3:51 am on Aug 29, 2007 (gmt 0)

10+ Year Member



Just to add some info here is my .htaccess code

Options +FollowSymLinks
RewriteEngine on
RewriteCond %{HTTP_HOST} ^example.com [NC]
RewriteRule ^(.*)$ http://www.example.com/$1 [R,L]
RewriteRule ^dir/(.*)/(.*)\.html$ url.php?url=$1&text=$2
RewriteRule ^main_dir/(.*)/(.*)\.html$ comment.php?id=$1&text=$2

[edited by: eelixduppy at 4:00 am (utc) on Aug. 29, 2007]

jdMorgan

12:39 pm on Aug 29, 2007 (gmt 0)

WebmasterWorld Senior Member 10+ Year Member



38.99.44.*** is NOT a Googlebot IP address. It belongs to a major backbone provider, and is used by a lot of scrapers and other undesirables. If fact, I have the entire 38.* IP range blocked, except for the 38.114.104.0/24 range, in order to allow GigaBot to spider.
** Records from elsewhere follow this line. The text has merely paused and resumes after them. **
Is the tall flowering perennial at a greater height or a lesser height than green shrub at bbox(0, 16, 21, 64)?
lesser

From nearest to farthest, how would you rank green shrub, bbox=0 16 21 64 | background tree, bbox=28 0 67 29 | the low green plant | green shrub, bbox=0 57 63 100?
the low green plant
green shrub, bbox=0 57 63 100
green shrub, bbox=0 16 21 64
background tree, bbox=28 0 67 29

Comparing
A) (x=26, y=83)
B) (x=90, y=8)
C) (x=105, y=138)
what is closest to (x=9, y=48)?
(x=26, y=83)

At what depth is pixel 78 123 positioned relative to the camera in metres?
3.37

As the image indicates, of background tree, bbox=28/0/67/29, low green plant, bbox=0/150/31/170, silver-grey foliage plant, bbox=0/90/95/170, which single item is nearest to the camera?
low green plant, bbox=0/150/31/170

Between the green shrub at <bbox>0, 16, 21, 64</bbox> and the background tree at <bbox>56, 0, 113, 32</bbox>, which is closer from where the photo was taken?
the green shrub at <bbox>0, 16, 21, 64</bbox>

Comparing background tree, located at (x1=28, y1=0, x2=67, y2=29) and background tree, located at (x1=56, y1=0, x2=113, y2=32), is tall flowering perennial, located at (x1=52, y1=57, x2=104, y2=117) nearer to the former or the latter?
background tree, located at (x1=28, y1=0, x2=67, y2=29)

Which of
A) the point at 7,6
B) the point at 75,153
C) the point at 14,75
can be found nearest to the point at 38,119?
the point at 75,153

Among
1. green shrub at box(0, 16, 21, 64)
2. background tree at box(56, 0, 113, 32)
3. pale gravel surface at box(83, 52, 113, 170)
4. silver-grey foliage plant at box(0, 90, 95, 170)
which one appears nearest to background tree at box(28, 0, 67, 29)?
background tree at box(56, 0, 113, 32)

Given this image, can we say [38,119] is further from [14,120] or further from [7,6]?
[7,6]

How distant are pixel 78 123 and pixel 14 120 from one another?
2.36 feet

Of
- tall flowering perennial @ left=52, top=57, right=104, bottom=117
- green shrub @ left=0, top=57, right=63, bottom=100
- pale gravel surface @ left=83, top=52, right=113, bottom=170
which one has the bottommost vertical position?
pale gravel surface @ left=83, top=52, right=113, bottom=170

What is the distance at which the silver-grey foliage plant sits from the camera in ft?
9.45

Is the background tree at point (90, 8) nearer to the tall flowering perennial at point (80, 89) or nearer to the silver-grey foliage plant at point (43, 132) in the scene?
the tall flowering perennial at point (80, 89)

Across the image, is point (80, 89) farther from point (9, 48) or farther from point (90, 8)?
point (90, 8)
The IP address you cited is currently being used by cuill.com. They deploy the badly-behaved "Twiceler" robot, which doesn't fetch or heed robots.txt.

In short, unless your script is doing "GETs" of these included files using the HTTP protocol instead of reading them locally from the server filesystem, and unless you are seeing errors in Google Webmaster Tools, I flat wouldn't worry about this.

Jim

jdMorgan

2:59 pm on Aug 29, 2007 (gmt 0)

WebmasterWorld Senior Member 10+ Year Member



Note also that your first rule has several problems, one major. You must use a 301-Moved Permanently redirect if you wish to avoid duplicate-content issues:

RewriteCond %{HTTP_HOST} ^example\.com [NC]
RewriteRule (.*) http://www.example.com/$1 [[b]R=301[/b],L]
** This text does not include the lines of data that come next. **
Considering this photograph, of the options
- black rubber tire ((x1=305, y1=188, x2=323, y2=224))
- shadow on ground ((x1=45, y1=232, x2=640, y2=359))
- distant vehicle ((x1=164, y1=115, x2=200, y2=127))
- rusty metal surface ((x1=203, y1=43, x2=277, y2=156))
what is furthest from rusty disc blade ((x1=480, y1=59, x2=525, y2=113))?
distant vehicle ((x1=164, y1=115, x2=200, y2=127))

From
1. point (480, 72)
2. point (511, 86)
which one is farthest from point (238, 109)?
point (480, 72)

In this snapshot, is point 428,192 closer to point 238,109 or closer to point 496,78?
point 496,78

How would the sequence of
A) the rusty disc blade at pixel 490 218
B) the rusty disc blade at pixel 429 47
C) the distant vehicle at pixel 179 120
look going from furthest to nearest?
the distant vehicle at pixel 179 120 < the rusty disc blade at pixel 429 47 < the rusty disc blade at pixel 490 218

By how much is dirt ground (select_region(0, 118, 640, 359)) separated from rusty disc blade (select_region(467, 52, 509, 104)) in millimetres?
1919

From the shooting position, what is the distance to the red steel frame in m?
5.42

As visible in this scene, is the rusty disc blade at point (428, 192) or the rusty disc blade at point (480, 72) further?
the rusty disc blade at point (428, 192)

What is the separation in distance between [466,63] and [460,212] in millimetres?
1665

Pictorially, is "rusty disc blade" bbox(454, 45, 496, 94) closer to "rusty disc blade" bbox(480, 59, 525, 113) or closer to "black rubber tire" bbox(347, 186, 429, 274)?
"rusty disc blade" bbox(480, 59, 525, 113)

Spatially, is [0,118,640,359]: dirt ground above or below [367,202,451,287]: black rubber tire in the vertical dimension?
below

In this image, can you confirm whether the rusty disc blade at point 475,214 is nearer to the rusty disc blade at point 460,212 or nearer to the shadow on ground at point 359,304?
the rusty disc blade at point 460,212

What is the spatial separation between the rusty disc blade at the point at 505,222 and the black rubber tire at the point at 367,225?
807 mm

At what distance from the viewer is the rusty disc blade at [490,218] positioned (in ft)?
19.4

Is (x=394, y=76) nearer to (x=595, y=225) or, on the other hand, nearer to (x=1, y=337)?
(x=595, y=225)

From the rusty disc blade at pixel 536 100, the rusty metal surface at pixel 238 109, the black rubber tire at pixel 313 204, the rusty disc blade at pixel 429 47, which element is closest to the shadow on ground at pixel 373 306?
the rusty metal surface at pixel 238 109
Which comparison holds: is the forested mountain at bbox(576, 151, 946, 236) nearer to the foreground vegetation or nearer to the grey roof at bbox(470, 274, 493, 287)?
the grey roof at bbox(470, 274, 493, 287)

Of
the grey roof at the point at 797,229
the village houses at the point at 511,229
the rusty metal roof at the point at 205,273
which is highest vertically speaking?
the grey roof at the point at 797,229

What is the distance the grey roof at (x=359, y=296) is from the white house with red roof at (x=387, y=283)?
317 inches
It would also improve efficiency if you added the [L] flag to the last two rules, and perhaps made the ".*" patterns more specific.

Jim

brandon0401

5:13 pm on Aug 29, 2007 (gmt 0)

10+ Year Member



Thanks for the reply.

Ya the problem is I am seeing 404's in webmaster tools..
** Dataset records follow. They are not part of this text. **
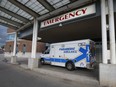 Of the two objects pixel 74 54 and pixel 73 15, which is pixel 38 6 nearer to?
pixel 73 15

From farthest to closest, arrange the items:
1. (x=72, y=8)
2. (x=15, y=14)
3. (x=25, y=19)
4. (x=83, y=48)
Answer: (x=25, y=19) < (x=15, y=14) < (x=83, y=48) < (x=72, y=8)

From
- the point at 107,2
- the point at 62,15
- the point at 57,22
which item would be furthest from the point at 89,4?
the point at 57,22

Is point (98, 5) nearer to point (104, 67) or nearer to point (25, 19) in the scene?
point (104, 67)

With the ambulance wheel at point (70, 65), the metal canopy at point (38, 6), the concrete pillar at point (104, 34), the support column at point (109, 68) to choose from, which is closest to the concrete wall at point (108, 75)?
the support column at point (109, 68)

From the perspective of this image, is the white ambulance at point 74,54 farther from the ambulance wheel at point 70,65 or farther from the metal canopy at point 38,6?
the metal canopy at point 38,6

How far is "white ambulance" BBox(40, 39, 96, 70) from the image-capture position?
1020 cm

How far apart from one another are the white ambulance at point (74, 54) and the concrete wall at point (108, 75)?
3556 mm

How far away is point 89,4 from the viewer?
796cm

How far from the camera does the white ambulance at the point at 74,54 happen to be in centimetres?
1020

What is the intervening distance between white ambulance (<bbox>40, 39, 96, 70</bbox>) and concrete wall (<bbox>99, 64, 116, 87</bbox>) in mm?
3556

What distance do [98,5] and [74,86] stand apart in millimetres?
5495

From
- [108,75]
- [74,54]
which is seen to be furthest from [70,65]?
[108,75]

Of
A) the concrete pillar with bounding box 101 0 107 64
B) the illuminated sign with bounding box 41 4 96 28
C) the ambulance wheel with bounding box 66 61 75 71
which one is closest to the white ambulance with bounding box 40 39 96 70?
the ambulance wheel with bounding box 66 61 75 71

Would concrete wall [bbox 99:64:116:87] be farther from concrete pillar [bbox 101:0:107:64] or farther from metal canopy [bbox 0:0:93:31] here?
metal canopy [bbox 0:0:93:31] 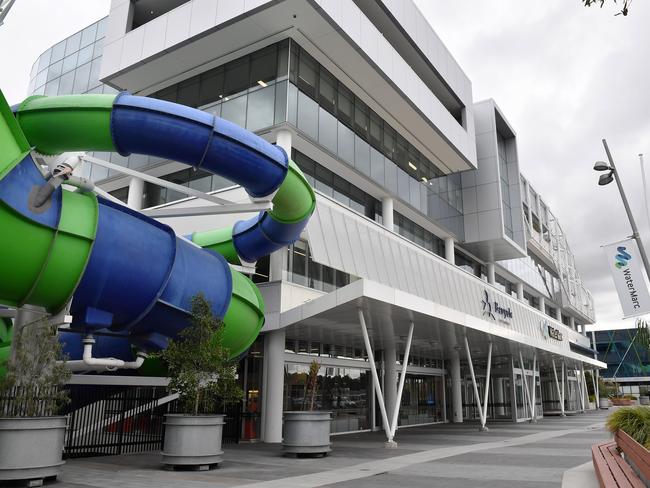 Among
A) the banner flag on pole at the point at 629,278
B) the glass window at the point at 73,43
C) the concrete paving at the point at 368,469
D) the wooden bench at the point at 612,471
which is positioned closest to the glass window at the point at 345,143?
the banner flag on pole at the point at 629,278

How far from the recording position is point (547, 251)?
54938mm

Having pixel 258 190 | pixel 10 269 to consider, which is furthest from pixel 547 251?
pixel 10 269

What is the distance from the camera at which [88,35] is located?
30734 millimetres

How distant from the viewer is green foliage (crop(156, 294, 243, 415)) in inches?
440

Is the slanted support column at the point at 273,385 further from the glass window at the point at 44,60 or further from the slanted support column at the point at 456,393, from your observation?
the glass window at the point at 44,60

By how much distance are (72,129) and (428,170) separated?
2535cm

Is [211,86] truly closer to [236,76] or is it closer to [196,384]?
[236,76]

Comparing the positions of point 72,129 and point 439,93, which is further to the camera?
point 439,93

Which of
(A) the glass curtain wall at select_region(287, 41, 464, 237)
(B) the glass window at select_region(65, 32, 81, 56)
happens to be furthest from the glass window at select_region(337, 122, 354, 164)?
(B) the glass window at select_region(65, 32, 81, 56)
I just pointed that out from logs cause I see alot of it from that ip#...

when you mean http for include do you mean

<?php include("http://www.example.com/include.php");?>

Cause I am doing that...

Why would it cause webmaster tools to report that with the file name cutoff and

Is that why?

function.main or function.include at end like above...

Thanks for the tip on rewrite...

does
RewriteRule ^dir/(.*)/(.*)\.html$ url.php?url=$1&text=$2
RewriteRule ^main_dir/(.*)/(.*)\.html$ comment.php?id=$1&text=$2

look right?
and rewriterule ^example index.php?category=160

Thanks in advance.

jdMorgan

6:23 pm on Aug 29, 2007 (gmt 0)

WebmasterWorld Senior Member 10+ Year Member



<?php include("http://www.example.com/include.php");?>

You should not use a full URL unless this included file is located on another server. Fix this, and it's likely your problem will go away.

I'm no PHP expert, so I'll refer you to our PHP forum for details... :)

Jim

brandon0401

7:25 pm on Aug 29, 2007 (gmt 0)

10+ Year Member



so you think google would read it like that? thanks

g1smd

7:35 pm on Aug 29, 2007 (gmt 0)

WebmasterWorld Senior Member 10+ Year Member Top Contributors Of The Month



Google does not and cannot directly read any of the "include" statements.

The server includes the content from the other page before anything is sent out to the browser.

Users and bots cannot see the join.